Why OCR when the data is in front of you? An interesting question, the likely answer is that you didn’t know such data existed. Picture the outdated accounting department of the 90s - stacks of invoices piled on desks, the printer whirring continuously and huge filing cabinets at bursting point. If we asked the workers what they wanted to change, what would improve the problems within the department, what would they say? “A bigger filing cabinet” or “a more efficient printer/scanner.” It’s unlikely that anyone would have the foresight to suggest sending all invoices electronically and processing without printing or scanning.
The paperless office has been promised for almost 20 years – but, unfortunately, it is yet to become a reality. In fact, 80% of all invoicing in the U.S. is still paper-based, so its clear something is wrong. It’s clear to me that the biggest obstacle to e-invoicing and e-document processing is getting suppliers to adopt. That is why I believe e-invoicing and e-document processing technology should be free for suppliers, easy to use and non-disruptive, as only then will suppliers move away from paper.
There is no doubt that the business and environmental impact of practices such as paper invoicing and paper purchase orders have rendered them unsustainable and hugely unproductive; and that e-invoicing and e-documents are a modern, innovative solution to the paper problem.
Optical character recognition (OCR) offers one way of enabling a computer to interpret a human-readable document and to extract data from it.
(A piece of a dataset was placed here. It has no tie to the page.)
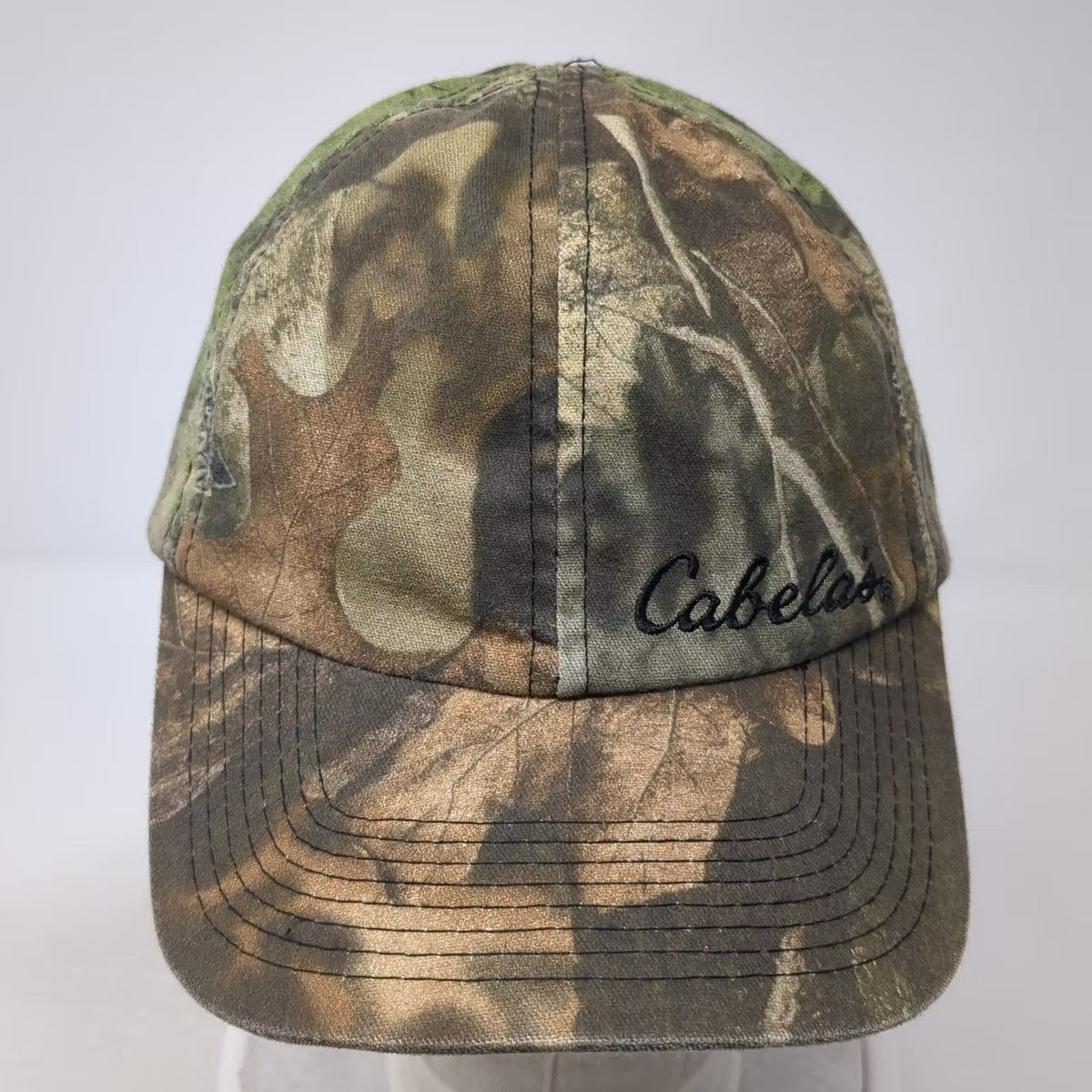 Cabela's Baseball Cap Brown Green Camo Gore-Tex Strapback Hat OS Vintage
Originally, we had document scanning and archiving; then OCR technology allowed us to extract data from scanned images of structured and semi-structured documents. Capture evolved into intelligent capture with the introduction of so called ‘learning algorithms’, while vendors started to evaluate themselves and the competition in terms of recognition and straight through processing rates.
But is OCR still relevant today? Do we really need to OCR – and incur the mistakes that OCR makes - when the data is carried within most documents received into an organisation? As I said, it is highly likely answer is that you didn’t know such data existed. Even with various technological advances and fierce competition among industry leaders, scanning and OCR is – and will always be – a flawed approach to the conversion of 'human readable documents' into 'machine readable structures':
- Scanning: First, paper needs to be converted into a format that can be processed by an OCR platform. A manually intensive process: mail is received, opened and sorted. Staples are removed and batches prepared. Paper documents are scanned and original documents either archived or destroyed.
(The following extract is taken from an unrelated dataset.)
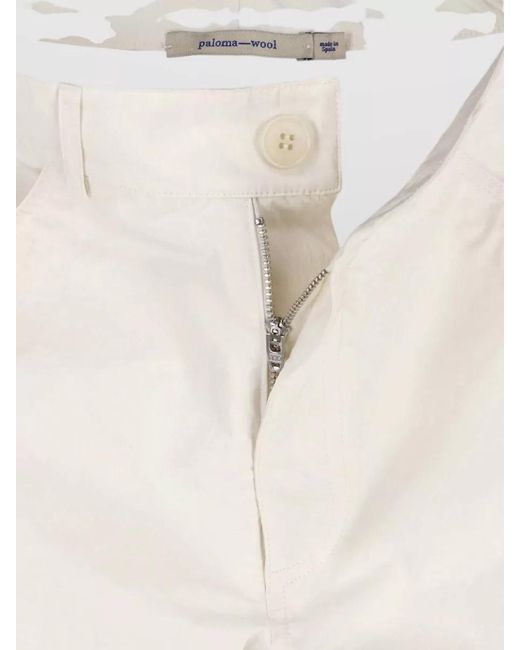 Paloma Wool White Straight Leg Pants Back And Side Pockets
- OCR: The scanning function feeds the OCR platform which reads the photographed image of the document, attempting to convert the pixels on the photograph, into meaningful characters. OCR companies’ often boast about high recognition rates – but the variables impacting success are often outside of their control: poor quality paper used by the supplier; the way data is laid out on the document; the quality of the scanner used and even the way the paper has been folded in the envelope, can all impact on OCR results and make the most powerful platforms close to useless.
- Quality control: Irrespective of how good the image is, you still need an operator to check OCR results and either correct what’s been captured or fill in what’s missing.
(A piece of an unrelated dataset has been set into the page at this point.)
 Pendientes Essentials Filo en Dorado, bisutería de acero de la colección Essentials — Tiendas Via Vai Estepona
So, where is the data? Most organizations now send and receive PDF documents via email. It is the easiest and most efficient way to send documents, such as invoices and orders, as the functionality is ‘out of the box’ with modern billing and procurement applications.
There is no question that email and PDF is ubiquitous. However, what many may not be aware of is that when an application generates a PDF, in almost all instances, the data – such as invoice number, line quantity, and amounts – will be embedded within the PDF, put there by the generating application. This type of nethod guarantees data quality and removes the manual activities and risks associated with scanning and OCR. Now, you know where the data is stored, you can automatically map this data to an e-document structure that’s compatible with your processing application.
As this approach is so simple and non-disruptive to any supply chain, adoption rates are extremely high when an organization promotes this method of e-invoicing. So again… why OCR? Of course, it would be fool hardy to predict that there will ever be a truly paperless office. Some paper will likely remain – at least in the short term. However, since most billing applications can generate and send PDF invoices via email, it is the easiest and quickest way to move closer to a paperless office.